= Jejemon =

Filipino pop culture phenomenon

Jejemon (/tl/) was a popular culture phenomenon in the Philippines. The Philippine Daily Inquirer describes Jejemons as a "new breed of hipster who have [sic] developed not only their own language and written text but also their own subculture and fashion."

==Origins==
This style of shorthand typing arose through the short messaging service, in which each text message sent by a cellphone is limited to 160 characters, evident in popular phone models in the early 2000s such as the Nokia 5110. As a result, an "SMS language" developed in which words were shortened in order to fit the 160-character limit. However, some jejemons are not really "conserving" characters; instead, they are lengthening their message. On April 14, 2010, on a Filipino Tumblr page, a post about vice presidential candidate Jejomar Binay indicated that Binay was the Jejemon's preferred vice presidential candidate, complete with a fake poster with him called "Makki Autors". Later the use of word jejemon to refer to such people made rounds in various Filipino internet message boards.

The word Jejemon is a portmanteau of the Japanese animated series Pokémon and jeje as an expression of laughter.

Such short-handed language is not limited to Filipinos: Thais use "5555" to denote "hahahaha," since the number 5 in Thai language is pronounced as "ha."

==Demographics==
The Jejemons are said to be the new jologs, a term used for Filipinos of the lower income class. The parameters of being classified as a Jejemon are still unclear, and how the different "levels" of "Jejemonism" are reached, although there are named levels such as "mild," "moderate" and "severe" or "terminal."

==Language==
The sociolect of the Jejemons, called Jejenese, is derived from English, Filipino and their code-switched variant, Taglish. It has its own, albeit unofficial, orthography, known as Jejebet, which uses the Filipino variant of the Roman alphabet, Arabic numerals and other special characters. Words are created by rearranging letters in a word, alternating capitalization, over-usage of the letters H, X or Z. Superfluous as well as the presence of silent letters characterize its spelling convention. It has similarities with Leetspeak, primarily the alphanumeric nature of its writing.

==Reaction==
Several Facebook fan pages were created both in support and against the group. Celebrities such as Alessandra de Rossi, Ces Drilon, and Lourd de Veyra have condemned the wholesale ridicule of the subculture. Due to the sudden existence of jejemons, 'Jejebusters' were created, a group of internet grammar vigilantes, typically Filipinos, dedicating their internet lives towards the eradication of jejetyping and jejemon existence.
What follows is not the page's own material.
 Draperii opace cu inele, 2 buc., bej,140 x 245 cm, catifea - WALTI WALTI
YouTube videos were also uploaded parodying the Jejemons, connecting them to the 2010 election campaign. Edited television advertisements of Nacionalista Party proclaiming their disdain, and an edited photograph of Gilberto Teodoro with him holding a sign saying that the Jejemons should be "brought back to elementary school" went viral. In 2010, the Filipino GMA Network broadcast the situational comedy JejeMom, headlined by Eugene Domingo. In the same year, the late comedian Dolphy starred and produced the film Father Jejemon.
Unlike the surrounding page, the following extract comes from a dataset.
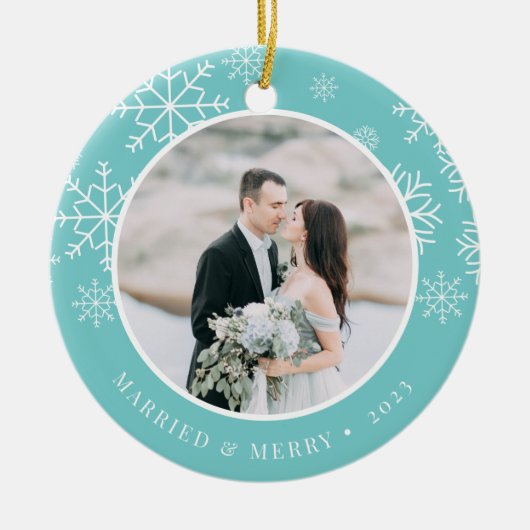 Merrily immer nach | Hochzeitsstift Foto Keramik Ornament (Vorne)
As part of the pre-school year clean-up of schools for the upcoming 2010–11 school year, the Department of Education (DepEd) strongly discourages students from using Jejemon spelling and grammar, especially in text messaging. Communicating with others using Jejemon "language" is said to cause deterioration of young Filipino students’ language skills.
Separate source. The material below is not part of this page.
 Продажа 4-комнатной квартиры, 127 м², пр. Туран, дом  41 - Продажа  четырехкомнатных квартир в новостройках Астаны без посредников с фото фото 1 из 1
==Decline and a change of definition==
From early 2013 onwards, with the rise of smartphones, which began to overtake feature phones in terms of sales in the country, the phenomenon appeared to gradually decline in mainstream popularity. Some social media accounts continue to use such spellings to this day, although mostly for sarcasm. The term "jejemon" gradually shifted in meaning to a pejorative used to describe a stereotype of poorly educated young people wearing hip-hop clothing, roughly similar to the British slang term chav for people associated with sportswear culture and later overlapping with local hypebeast trends. In the 2020s, Jejemons have also been referred to as "genggeng," often identified by their black shirts, brown pants or joggers, and other gangsta hip-hop themed clothing.